‘Are You Listening? Plastics’

Commentary

“Plastics.” 

That quote from the 1967 film, “The Graduate,” isn’t from the most memorable scenes.  In fact, few people will remember it all.  It took place just minutes into the movie.

It took place when the newly graduated Benjamin Braddock (Dustin Hoffman) was approached by a neighbor, Mr. McGuire (Walter Brooke) with advice on his future.

“I just want to say one word to you.  Just one word,” he said, to which Hoffman responds, “Yes, sir.”

“Are you listening,” Brooke continues.  “Yes, I am,” Hoffman politely answers.

“Plastics,” says Brooke.

A career in plastics, viewed as a cheap material, was far from the preppy graduate’s plans for his future.

I chose this introduction for my commentary to remind you of how plastics have become one of the most important materials in our lives today, but to predict Biden’s goal of ending the use of fossil fuels by 2050 utterly impossible.

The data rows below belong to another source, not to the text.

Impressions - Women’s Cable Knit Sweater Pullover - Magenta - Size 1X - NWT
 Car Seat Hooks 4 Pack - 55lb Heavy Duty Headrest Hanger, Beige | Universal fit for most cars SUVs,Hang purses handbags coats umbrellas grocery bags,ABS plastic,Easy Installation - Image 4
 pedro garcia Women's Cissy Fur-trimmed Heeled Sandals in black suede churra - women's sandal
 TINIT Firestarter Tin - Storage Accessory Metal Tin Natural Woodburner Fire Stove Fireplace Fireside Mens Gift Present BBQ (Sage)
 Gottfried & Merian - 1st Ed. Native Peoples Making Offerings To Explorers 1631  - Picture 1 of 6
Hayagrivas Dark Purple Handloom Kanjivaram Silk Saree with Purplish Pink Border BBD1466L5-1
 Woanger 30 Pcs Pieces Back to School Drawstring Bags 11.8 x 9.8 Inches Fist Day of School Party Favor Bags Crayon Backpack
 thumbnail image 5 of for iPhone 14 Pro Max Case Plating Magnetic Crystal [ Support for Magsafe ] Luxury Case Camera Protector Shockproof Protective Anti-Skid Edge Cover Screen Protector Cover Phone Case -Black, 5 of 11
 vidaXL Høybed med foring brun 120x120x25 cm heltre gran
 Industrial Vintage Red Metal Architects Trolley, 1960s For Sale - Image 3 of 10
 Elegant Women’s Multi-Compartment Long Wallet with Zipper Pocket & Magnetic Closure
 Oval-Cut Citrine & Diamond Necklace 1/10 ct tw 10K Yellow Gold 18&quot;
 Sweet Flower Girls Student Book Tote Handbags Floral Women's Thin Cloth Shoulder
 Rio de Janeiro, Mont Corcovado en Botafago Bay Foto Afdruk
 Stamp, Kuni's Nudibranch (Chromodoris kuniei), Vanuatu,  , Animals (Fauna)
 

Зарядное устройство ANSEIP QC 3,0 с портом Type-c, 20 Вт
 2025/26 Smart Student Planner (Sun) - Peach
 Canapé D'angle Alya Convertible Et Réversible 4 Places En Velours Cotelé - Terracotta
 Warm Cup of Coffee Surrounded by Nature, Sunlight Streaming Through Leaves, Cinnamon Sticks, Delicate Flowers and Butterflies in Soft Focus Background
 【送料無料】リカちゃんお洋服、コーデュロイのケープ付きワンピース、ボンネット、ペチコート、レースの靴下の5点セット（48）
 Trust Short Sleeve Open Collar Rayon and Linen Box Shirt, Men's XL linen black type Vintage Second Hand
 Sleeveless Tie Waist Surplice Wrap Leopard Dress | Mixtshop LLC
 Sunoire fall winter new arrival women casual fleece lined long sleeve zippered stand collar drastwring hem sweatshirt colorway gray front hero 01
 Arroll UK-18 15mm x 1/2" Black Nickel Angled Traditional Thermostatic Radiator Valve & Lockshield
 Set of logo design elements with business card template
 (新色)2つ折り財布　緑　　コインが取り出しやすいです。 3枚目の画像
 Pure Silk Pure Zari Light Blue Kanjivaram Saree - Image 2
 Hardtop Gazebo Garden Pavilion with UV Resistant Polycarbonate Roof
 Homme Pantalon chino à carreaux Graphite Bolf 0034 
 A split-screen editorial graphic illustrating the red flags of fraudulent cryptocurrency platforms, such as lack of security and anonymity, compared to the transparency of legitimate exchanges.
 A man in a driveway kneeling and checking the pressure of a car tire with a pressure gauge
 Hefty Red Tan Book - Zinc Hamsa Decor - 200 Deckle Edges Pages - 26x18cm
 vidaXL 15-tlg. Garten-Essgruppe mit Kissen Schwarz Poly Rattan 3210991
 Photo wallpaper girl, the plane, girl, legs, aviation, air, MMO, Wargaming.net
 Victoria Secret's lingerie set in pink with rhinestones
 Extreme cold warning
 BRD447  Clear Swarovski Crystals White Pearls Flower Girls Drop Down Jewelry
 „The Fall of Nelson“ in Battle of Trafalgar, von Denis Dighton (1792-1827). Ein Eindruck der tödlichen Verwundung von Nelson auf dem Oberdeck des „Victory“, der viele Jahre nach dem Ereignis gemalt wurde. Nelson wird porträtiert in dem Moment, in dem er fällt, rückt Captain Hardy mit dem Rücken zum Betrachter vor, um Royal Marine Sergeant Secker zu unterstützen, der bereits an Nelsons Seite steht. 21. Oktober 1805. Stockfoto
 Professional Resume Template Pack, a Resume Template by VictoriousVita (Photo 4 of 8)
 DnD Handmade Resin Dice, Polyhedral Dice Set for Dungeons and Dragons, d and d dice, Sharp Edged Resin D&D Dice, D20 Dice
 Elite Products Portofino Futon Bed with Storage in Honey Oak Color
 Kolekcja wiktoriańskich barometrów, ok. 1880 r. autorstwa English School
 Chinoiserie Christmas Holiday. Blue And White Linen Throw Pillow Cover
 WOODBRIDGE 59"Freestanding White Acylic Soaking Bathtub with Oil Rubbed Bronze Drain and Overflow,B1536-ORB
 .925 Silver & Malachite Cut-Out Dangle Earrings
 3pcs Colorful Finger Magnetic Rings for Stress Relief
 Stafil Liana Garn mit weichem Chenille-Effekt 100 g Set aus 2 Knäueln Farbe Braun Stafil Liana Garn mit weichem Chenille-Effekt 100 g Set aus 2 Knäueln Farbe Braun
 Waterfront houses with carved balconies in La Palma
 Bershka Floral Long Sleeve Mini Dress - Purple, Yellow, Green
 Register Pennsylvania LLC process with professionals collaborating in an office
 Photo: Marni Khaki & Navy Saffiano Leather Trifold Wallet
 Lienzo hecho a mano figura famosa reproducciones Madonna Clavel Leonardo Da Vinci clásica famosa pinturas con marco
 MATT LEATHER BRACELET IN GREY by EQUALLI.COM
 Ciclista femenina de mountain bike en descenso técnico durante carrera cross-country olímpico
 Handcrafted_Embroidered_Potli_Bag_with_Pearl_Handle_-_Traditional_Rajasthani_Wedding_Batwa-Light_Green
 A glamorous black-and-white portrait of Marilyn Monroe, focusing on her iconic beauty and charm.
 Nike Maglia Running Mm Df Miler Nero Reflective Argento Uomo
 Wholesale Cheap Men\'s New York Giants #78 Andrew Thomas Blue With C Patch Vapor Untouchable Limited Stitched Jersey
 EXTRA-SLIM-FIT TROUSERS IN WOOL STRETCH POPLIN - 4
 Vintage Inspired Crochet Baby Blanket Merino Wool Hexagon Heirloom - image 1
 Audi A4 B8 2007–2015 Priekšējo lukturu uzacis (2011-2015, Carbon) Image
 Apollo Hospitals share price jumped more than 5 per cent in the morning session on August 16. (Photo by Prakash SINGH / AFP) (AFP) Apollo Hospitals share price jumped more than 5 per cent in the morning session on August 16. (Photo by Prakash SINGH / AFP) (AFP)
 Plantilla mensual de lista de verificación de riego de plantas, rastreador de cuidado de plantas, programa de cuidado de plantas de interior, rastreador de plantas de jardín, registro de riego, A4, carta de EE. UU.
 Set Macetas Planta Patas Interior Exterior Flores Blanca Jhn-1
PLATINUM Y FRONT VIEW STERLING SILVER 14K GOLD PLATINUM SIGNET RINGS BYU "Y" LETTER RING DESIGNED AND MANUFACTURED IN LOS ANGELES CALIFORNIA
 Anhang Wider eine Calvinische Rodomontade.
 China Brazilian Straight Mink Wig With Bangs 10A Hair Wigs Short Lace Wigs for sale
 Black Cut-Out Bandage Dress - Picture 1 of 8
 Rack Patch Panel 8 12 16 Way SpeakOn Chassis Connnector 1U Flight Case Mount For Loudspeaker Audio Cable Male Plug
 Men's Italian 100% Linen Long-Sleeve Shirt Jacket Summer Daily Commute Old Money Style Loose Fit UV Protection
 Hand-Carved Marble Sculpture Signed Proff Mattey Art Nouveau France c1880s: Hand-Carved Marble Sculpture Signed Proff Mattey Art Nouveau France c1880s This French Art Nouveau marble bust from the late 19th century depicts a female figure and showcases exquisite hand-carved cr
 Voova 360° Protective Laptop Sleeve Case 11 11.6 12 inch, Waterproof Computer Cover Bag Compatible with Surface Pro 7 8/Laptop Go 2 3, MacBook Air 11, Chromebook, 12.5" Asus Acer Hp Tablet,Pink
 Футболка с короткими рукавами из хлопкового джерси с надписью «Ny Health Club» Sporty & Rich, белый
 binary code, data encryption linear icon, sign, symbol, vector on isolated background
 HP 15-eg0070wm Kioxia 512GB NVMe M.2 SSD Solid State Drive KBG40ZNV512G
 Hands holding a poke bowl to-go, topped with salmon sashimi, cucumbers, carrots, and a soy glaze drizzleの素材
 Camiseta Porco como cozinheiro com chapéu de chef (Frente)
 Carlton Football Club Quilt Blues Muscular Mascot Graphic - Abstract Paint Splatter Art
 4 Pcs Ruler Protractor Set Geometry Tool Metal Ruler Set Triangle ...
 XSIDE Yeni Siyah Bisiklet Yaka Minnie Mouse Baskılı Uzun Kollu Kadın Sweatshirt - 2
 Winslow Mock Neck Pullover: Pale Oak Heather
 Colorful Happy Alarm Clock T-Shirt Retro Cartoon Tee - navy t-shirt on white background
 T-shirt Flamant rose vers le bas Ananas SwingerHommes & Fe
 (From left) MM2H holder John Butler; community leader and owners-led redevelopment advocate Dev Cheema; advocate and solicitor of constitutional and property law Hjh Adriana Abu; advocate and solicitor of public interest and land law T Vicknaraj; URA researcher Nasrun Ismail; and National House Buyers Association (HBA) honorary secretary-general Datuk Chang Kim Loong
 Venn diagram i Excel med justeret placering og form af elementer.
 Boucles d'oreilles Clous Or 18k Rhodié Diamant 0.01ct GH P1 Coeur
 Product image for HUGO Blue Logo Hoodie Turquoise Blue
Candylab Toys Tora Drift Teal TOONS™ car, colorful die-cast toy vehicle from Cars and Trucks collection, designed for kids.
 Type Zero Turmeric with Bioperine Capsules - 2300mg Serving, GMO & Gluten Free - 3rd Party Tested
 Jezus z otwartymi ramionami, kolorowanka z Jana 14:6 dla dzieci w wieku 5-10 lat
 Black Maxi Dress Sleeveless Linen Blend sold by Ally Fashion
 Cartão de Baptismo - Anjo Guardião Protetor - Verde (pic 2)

Today, about a third of about 30,000 parts in a vehicle are made of plastic, using some 40 different types of plastics and polymers used in the manufacture, of which 70 percent of the plastic comes from four polymers – polypropylene, polyurethane, polyamides and PVC – made possible by fossil fuels.

In addition, petroleum is used in processing rubber and fiber products and fossil fuels will be needed to produce the steel, aluminum and other materials.

Plastics are being used to replace metal and the glass in headlights and taillights.  Windows may be next.  Reportedly, Lexus foresees a 95 percent recyclable car.

While plastics are being used more extensively in everything from the GPS system, the automatic door opener and the rearview camera, a great deal of research is going into materials that can handle the high temperatures associated with the voltage used in electric vehicles.

Like my engineering-degreed grandson would inform me, with the goal of increasing power density, you increase voltage, driving up temperature.

High voltage shielding poses another challenge as voltages increase.

Despite President Biden’s emission-free dream, experts see electric cars making up just 10 to 20 percent of the market in the next 10 years, and his environmental wizards aren’t thinking about the petroleum required to produce some 6,000 products for cars and household use.

About half of a 42-gallon barrel creates petroleum products other than gasoline, jet fuel and heating oil; products in every day household use – computers, toothbrushes, sun glasses, clothing, carpet, paints and detergents to name some. 

And, the asphalt and cement he will need for infrastructure come from petroleum, too.

With this basic knowledge, you need to be aware of the recommendations made by the White House Environmental Justice Advisory Council, formed after Biden signed his executive order titled, “Tackling the Climate Crisis at Home and Abroad.”

The major content of the document under its “Justice40 Initiative” recommends how certain federal investments might be made toward a goal that 40 percent of the overall benefits flowing to disadvantaged communities, according to Francis Menton, writing in the Manhattan Contrarian.

Everything remotely related to fossil fuel energy generation is out of the question, even maintaining the facilities we already have.  Even carbon capture and storage are not allowed.

I just know that “Ol’Joe” has no idea of what’s included in the council’s 91-page recommendations document. 

There’s more. You just knew racism would be addressed.  “We pursue policies and strategic investments to reverse racial inequities and strife to repair the environmental injustice of more than 500 years of institutional policies and practices,” the document states.  That precedes the rewriting of our history in the 1619 Project.

There’s “a compete absence of adult supervision in the Biden administration,” writes Menton, noting that the host of academics and environmental wackos on the advisory council have taken over and are running the show.

“At this point,” he says, “the best we can hope for is that they will actually implement some of this nonsense, and it will then fail spectacularly.”

We saw that happen with Obama’s picking winners, like his half billion-dollar loan to Solyndra.

The year 2024 cannot get here soon enough, but 2022 could mark the end of all this nonsense.

Now, more than ever … may God continue to bless the United States of America.